Interesting statistical thought

My brother recommended that I read a few sports-related excerpts from the book "The Drunkard's Walk: How Randomness Rules Our Lives" by Leonard Mlodinow. One of the four excerpts included the following paragraph, which I thought was interesting in how you could relate it to the Wings.

A few years after Tversky's paper appeared, the Nobel Prize-winning physicist E. M. Purcell decided to investigate the nature of streaks in the sport of baseball.

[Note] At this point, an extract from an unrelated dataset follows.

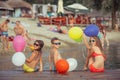 Happy children holding color balloons while sitting on the beach Royalty Free Stock Photo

As I mentioned in chapter 1, he found, in the words of his Harvard colleague Stephen Jay Gould, that except for Joe DiMaggio's fifty-six-game hitting streak, "nothing ever happened in baseball above and beyond the frequency predicted by coin-tossing models." Not even the twenty-one-game losing streak experienced at the start of the 1988 season by Major League Baseball's Baltimore Orioles. Bad players and teams have longer and more frequent streaks of failure than great players and great teams, and great players and great teams have longer and more frequent streaks of success than lesser players and lesser teams. But that is because their average failure or success rate is higher, and the higher the average rate, the longer and more frequent are the streaks that randomness will produce. To understand these events, you need only to understand the tossing of coins."

So maybe that helps to explain why the Wings are so successful? 18 straight playoff appearances = longer and more frequent streaks of success? I'm not a stats person by any stretch of the imagination, but I thought that was interesting.